High performance at low cost – choose the best JVM and the best Garbage Collector for your needs

The Garbage Collector (GC) is an integral part of every Java Virtual Machine (JVM) – running in the Cloud, on a dedicated server or on your desktop/laptop. Are you aware of what impact a GC has on an application – on its performance, resource consumption and finally on its operational cost? Which GC will allow you to maximize the performance and minimize the cost of a running Java application? This article provides a complete answer to the above questions.

What is a Garbage Collector?

As explained in Introduction to Garbage Collection Tuning:

The garbage collector (GC) automatically manages the application’s dynamic memory allocation requests.
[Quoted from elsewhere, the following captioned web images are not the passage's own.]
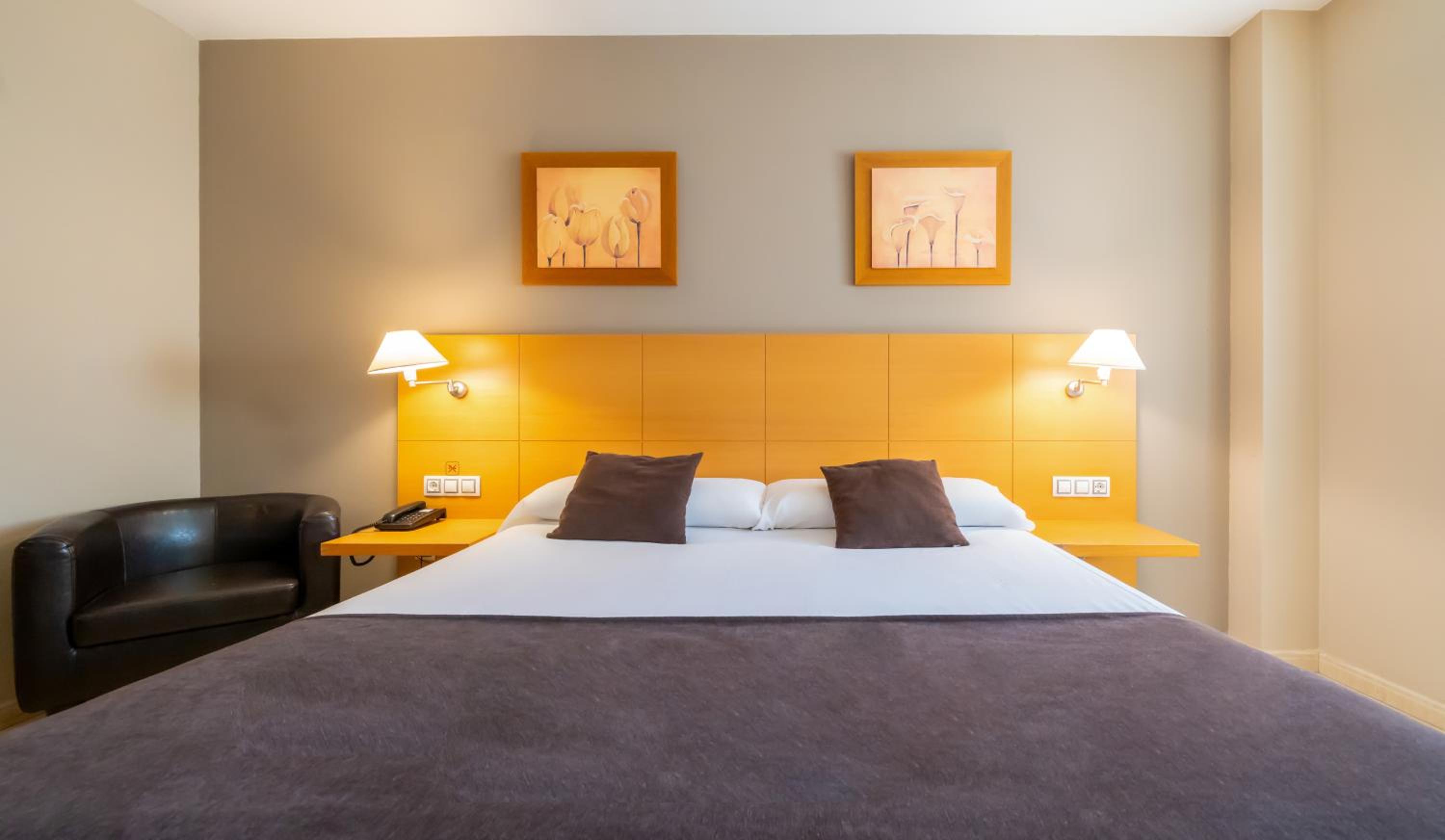 Double Room - Photo 5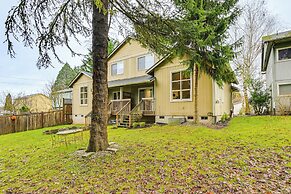 Mcm-inspired Decor & Top Location! Tumwater Duplex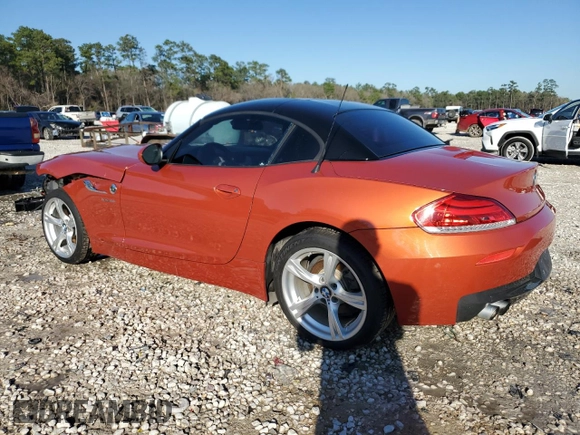 2014 BMW Z4 sDrive28i z VIN WBALL5C59EP556599, wystawiony jako Copart lot #44781125 z przebiegiem Nie podano mil oraz Czysty tytuł • Clean title. Historia ofert i sprzedaży dostępna na DreamBid. Obrazek 2.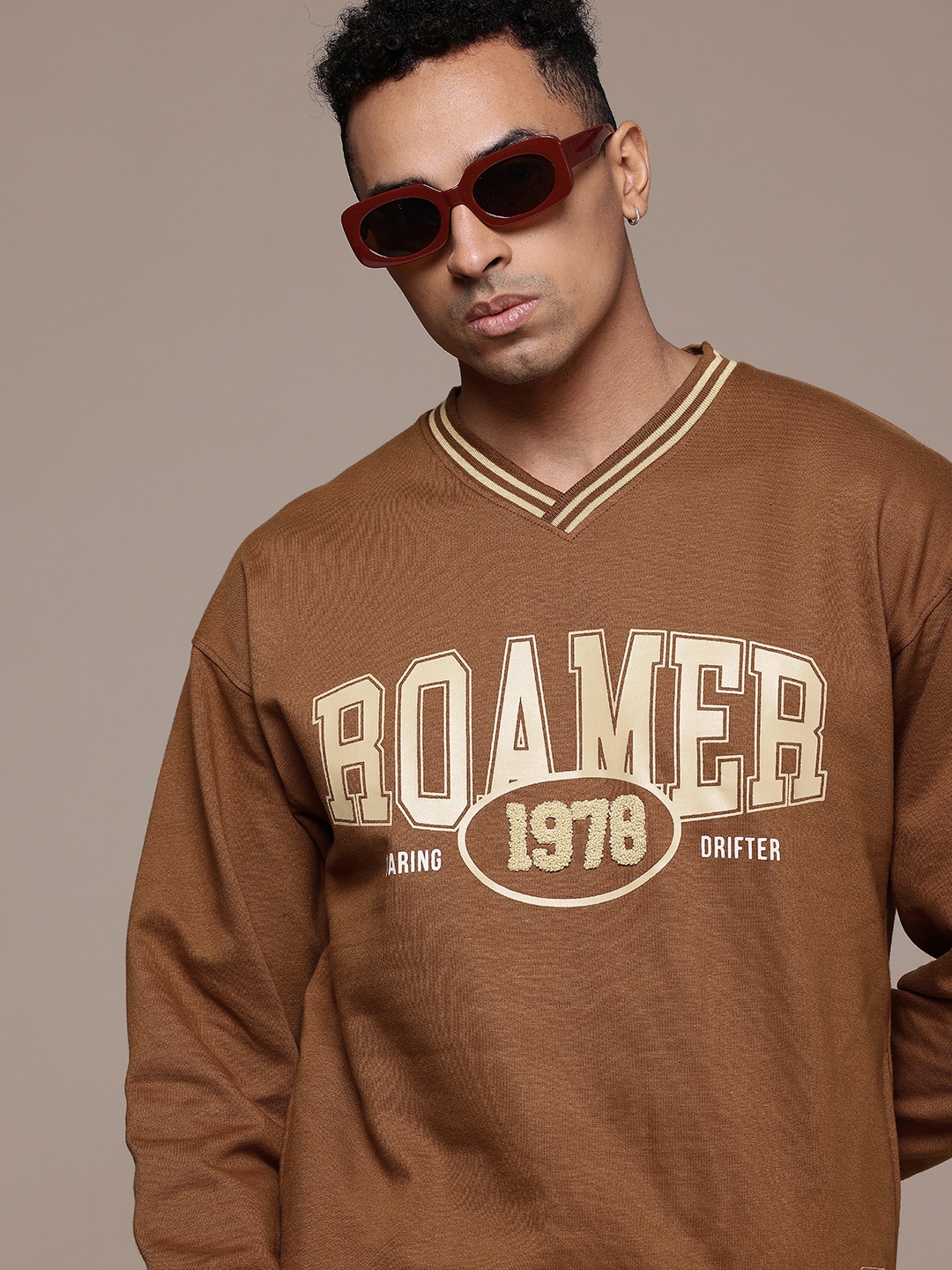 

Roadster Men Printed Sweatshirt, Brown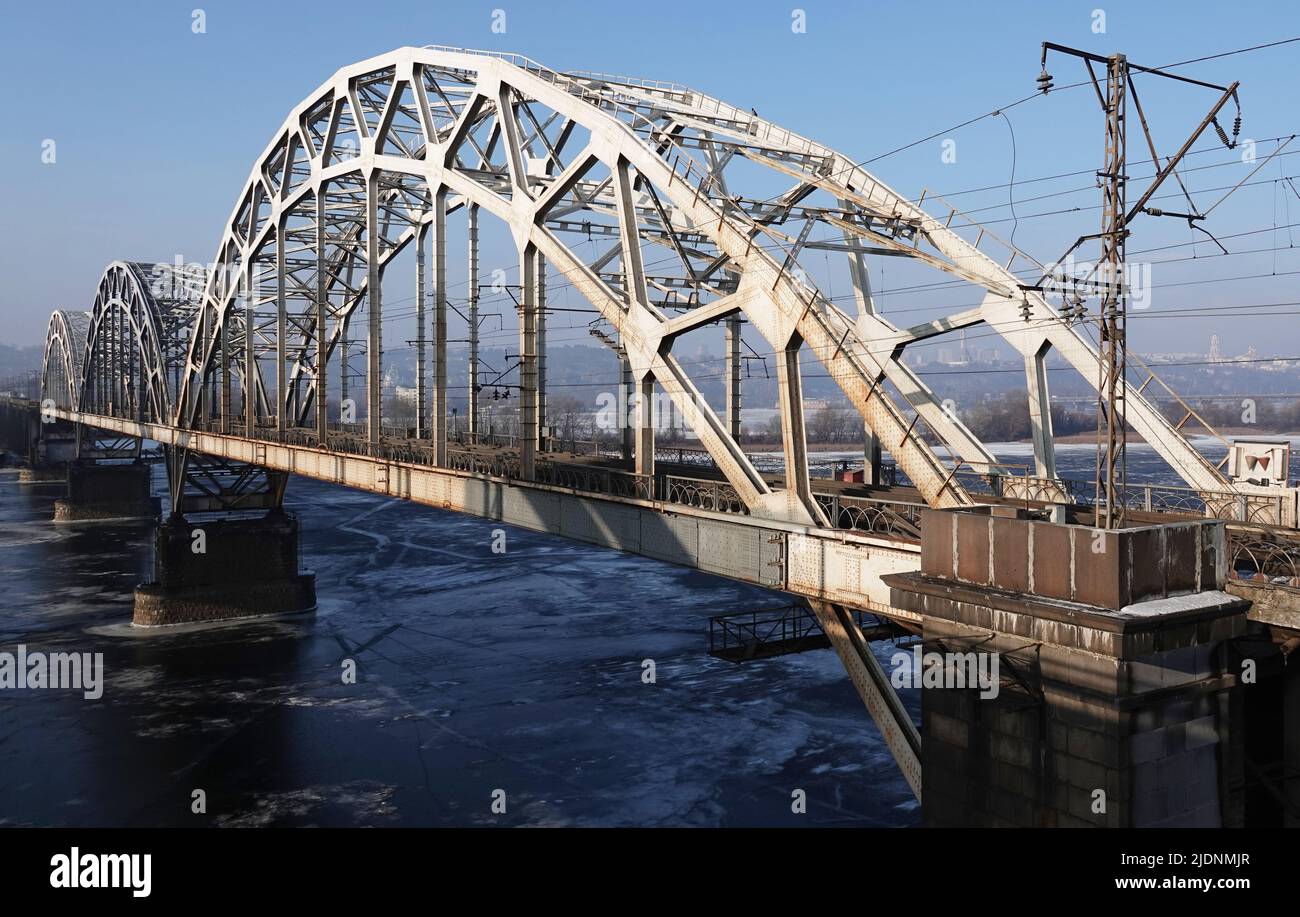 Kiev, Ukraine 23 janvier 2021: Pont ferroviaire au-dessus du fleuve Dniepr Banque D'Images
A garbage collector performs automatic dynamic memory management through the following operations:

  • Allocates from and gives back memory to the operating system.
  • Hands out that memory to the application as it requests it.
  • Determines which parts of that memory is still in use by the application.
  • Reclaims the unused memory for reuse by the application.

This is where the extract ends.